**THE PROBLEM**
Take the line with "Nocturne Fields Whisper" and every line after it in the entries below, and set them down exactly, without any pictures.
[Opening MATERIAL SUPPLIED section]
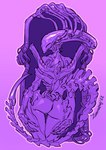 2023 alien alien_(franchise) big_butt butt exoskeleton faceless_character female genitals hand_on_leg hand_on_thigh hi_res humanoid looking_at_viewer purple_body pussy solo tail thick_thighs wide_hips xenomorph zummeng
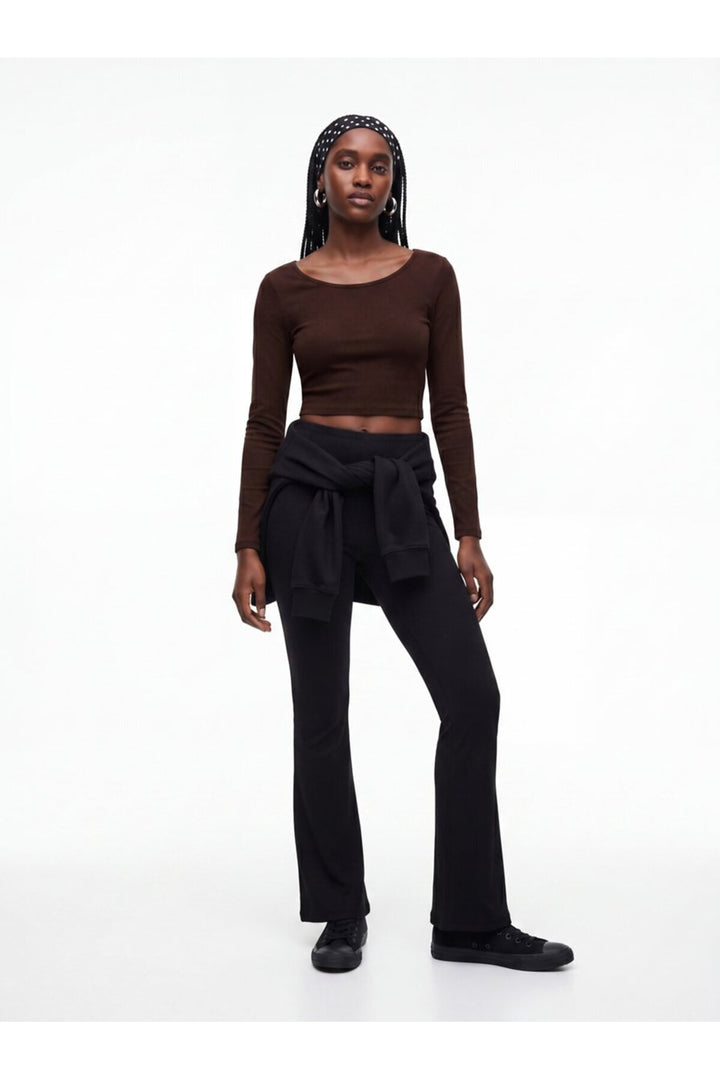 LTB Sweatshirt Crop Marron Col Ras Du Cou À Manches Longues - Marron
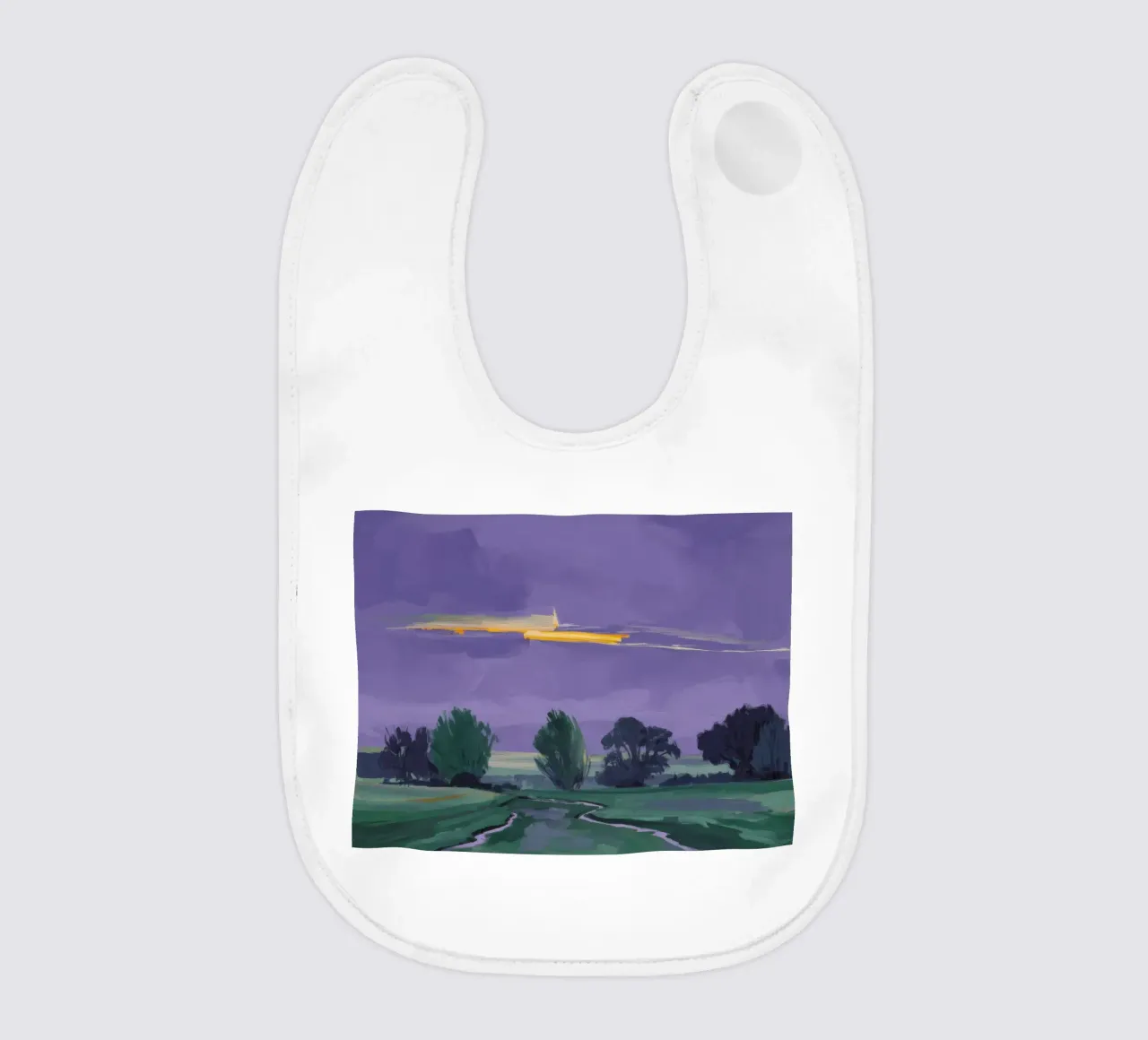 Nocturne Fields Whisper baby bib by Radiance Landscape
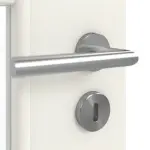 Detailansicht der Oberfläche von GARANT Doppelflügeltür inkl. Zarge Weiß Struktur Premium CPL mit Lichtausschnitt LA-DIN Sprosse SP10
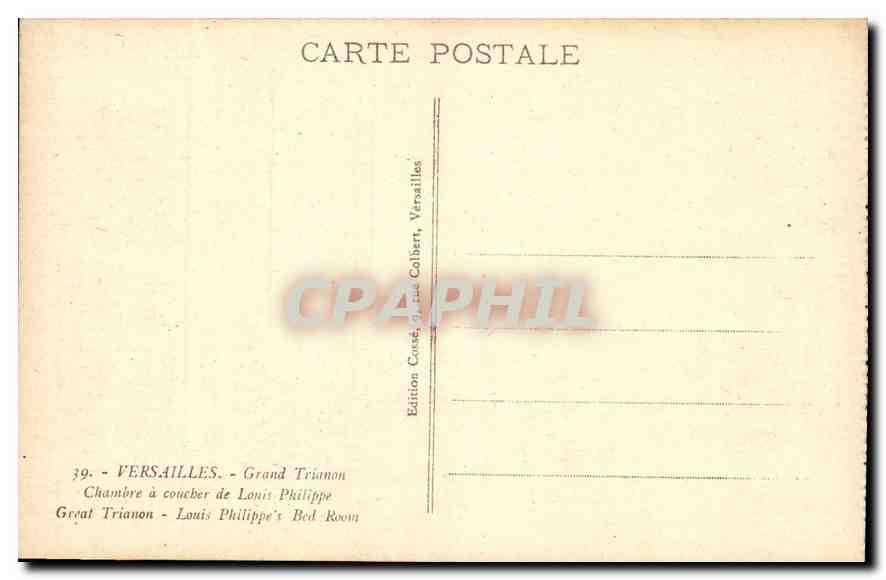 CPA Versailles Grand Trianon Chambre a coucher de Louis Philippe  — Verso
[Closing MATERIAL SUPPLIED section]
**REPLY TO THE TASK**
 Nocturne Fields Whisper baby bib by Radiance Landscape
 Detailansicht der Oberfläche von GARANT Doppelflügeltür inkl. Zarge Weiß Struktur Premium CPL mit Lichtausschnitt LA-DIN Sprosse SP10
 CPA Versailles Grand Trianon Chambre a coucher de Louis Philippe  — Verso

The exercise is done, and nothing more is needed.